Crawled caption data
- - - - -

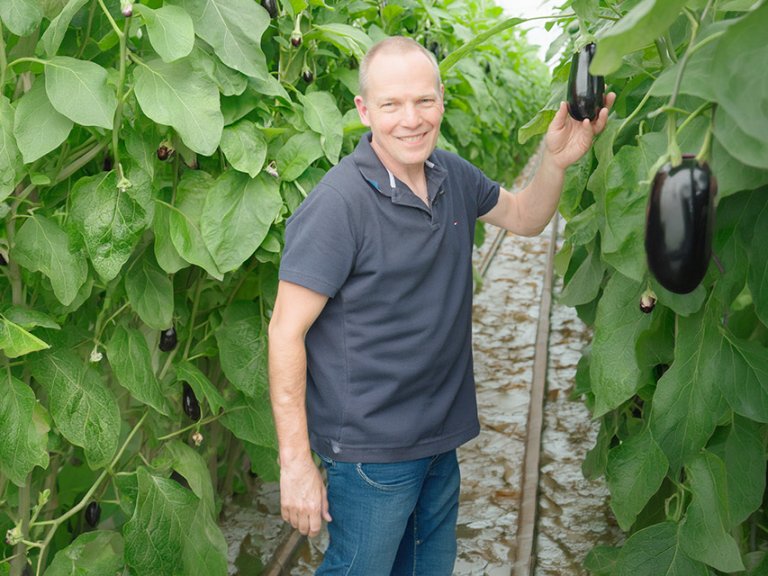 Een aubergineboer plukt zijn vruchten
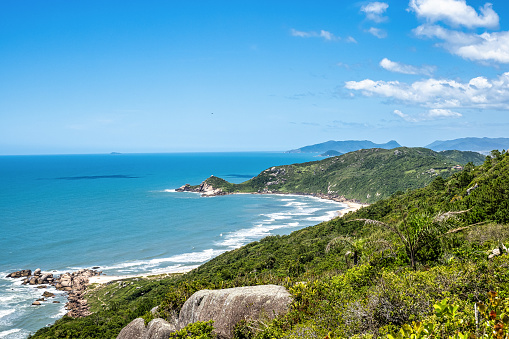 Vegetation , rocks and beach at Galheta beach, Morro da Galheta, Florianopolis, Santa Catarina, Brazil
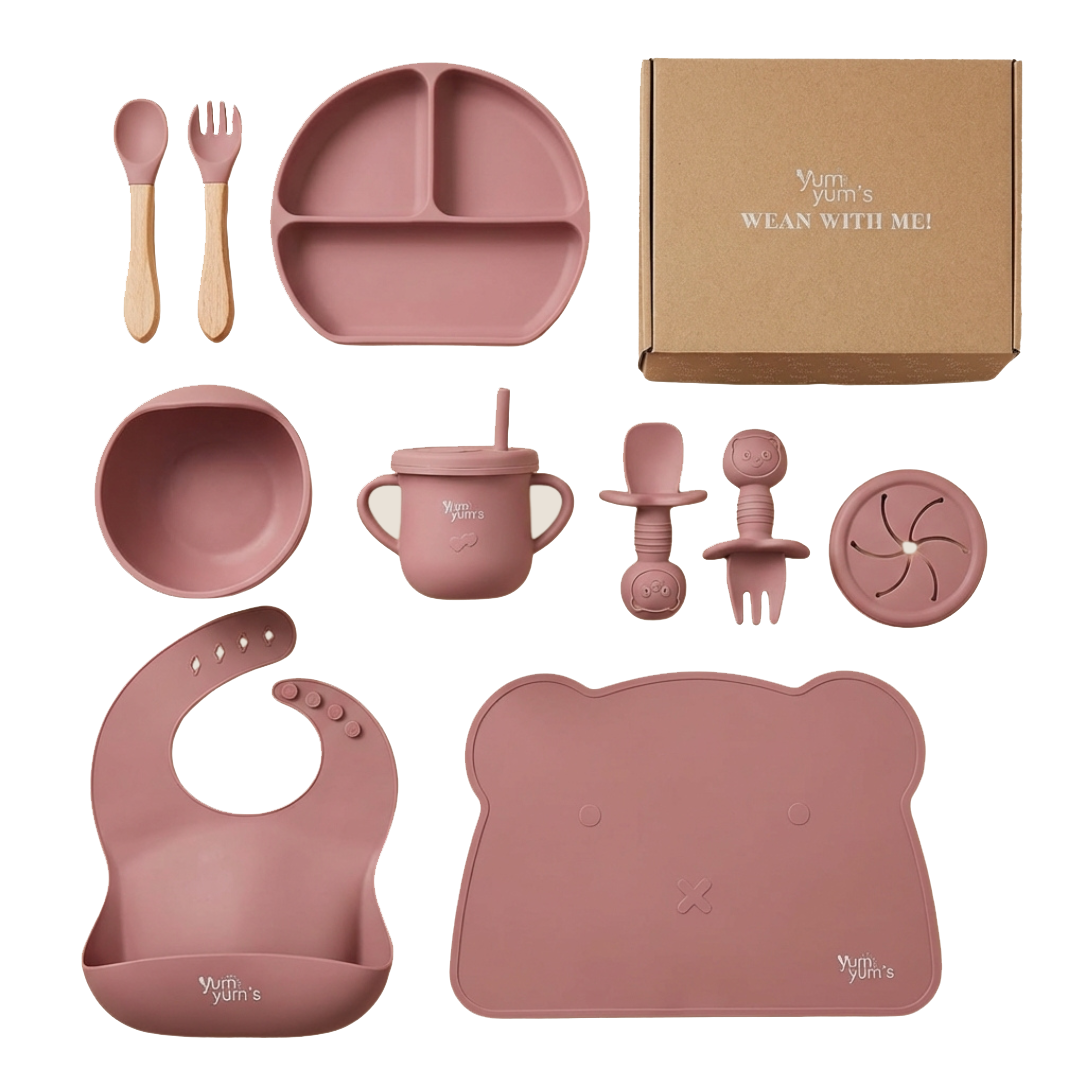 10 PIECE SILICONE WEANING SET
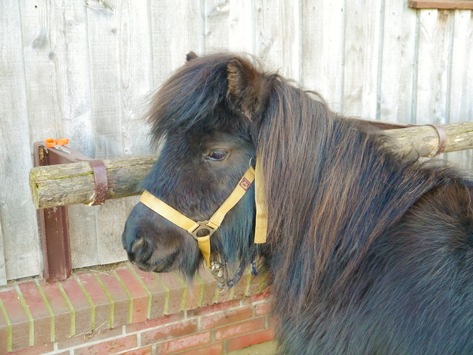 POL-FL: Glücksburg: Shetlandpony gestohlen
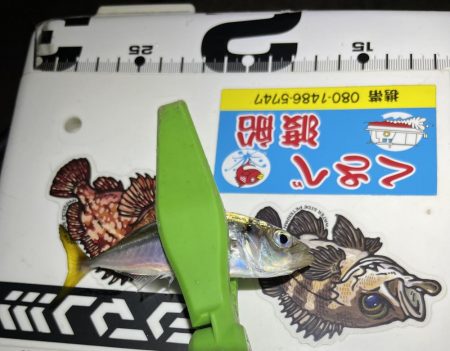 あれれ？なアジング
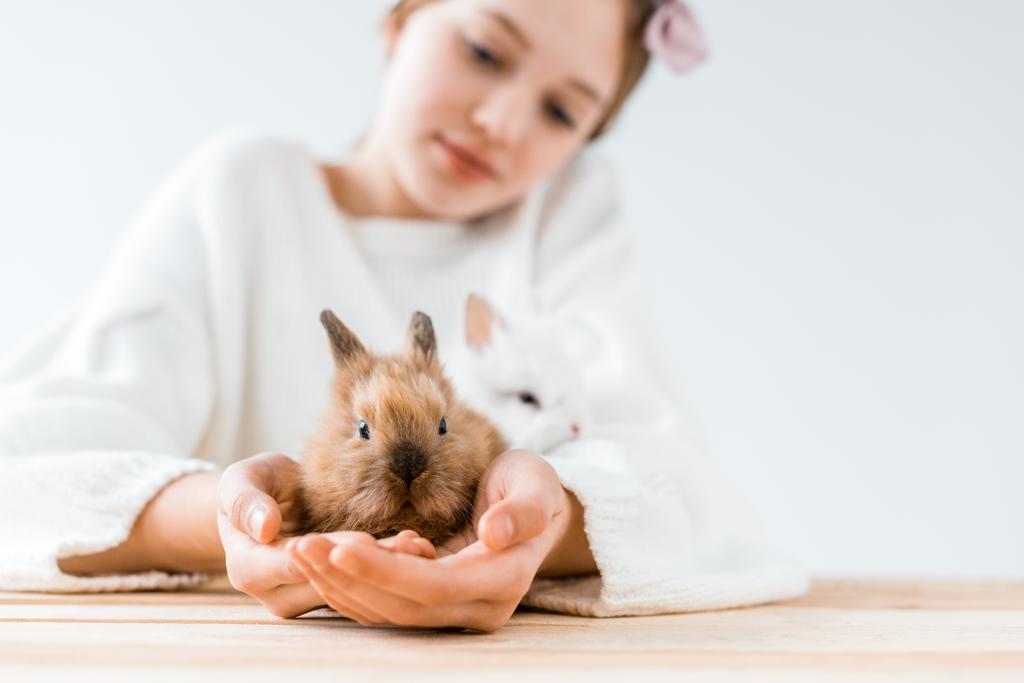 vue rapprochée de fille tenant des lapins poilus mignons sur blanc
 - Photo, image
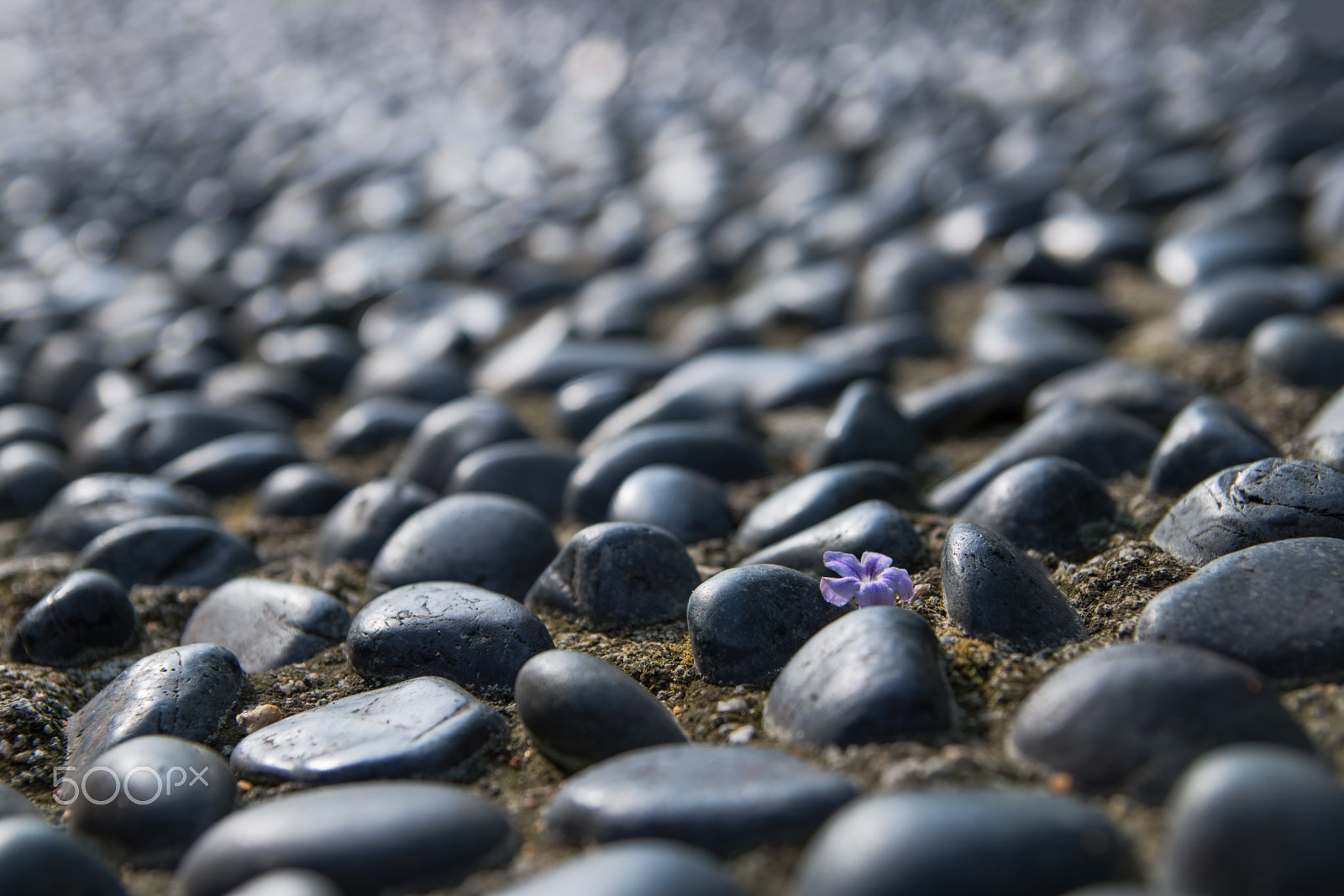 Tamron SP AF 17-50mm F2.8 XR Di II LD Aspherical (IF) sample photo. Among pebbles photography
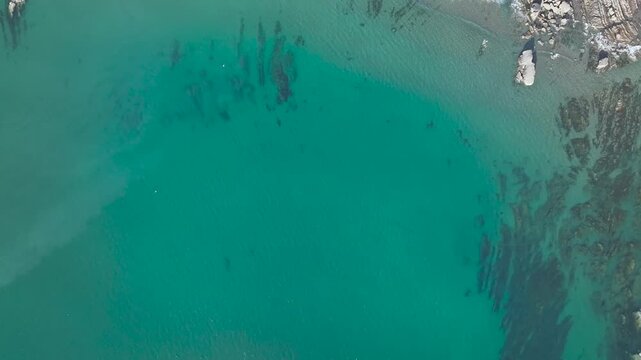 Top Down view of Cliffs and Fields over Welcombe Mouth Beach from a drone, North Devon and Cornwall Coastpath Border, Devon, England, Summer 2026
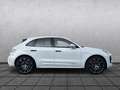 Porsche Macan Macan GTS*Approved04/27*Luftf.*Standhzg.*21*ACC*BOSE Weiß - thumbnail 6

- - - - -

--- What you are asked to do ---
Output every record verbatim, excluding any picture it contains.

--- Response to this exercise ---
 Een aubergineboer plukt zijn vruchten
 Vegetation , rocks and beach at Galheta beach, Morro da Galheta, Florianopolis, Santa Catarina, Brazil
 10 PIECE SILICONE WEANING SET
 POL-FL: Glücksburg: Shetlandpony gestohlen
 あれれ？なアジング
 vue rapprochée de fille tenant des lapins poilus mignons sur blanc
 - Photo, image
 Tamron SP AF 17-50mm F2.8 XR Di II LD Aspherical (IF) sample photo. Among pebbles photography
 Top Down view of Cliffs and Fields over Welcombe Mouth Beach from a drone, North Devon and Cornwall Coastpath Border, Devon, England, Summer 2026
 Porsche Macan Macan GTS*Approved04/27*Luftf.*Standhzg.*21*ACC*BOSE Weiß - thumbnail 6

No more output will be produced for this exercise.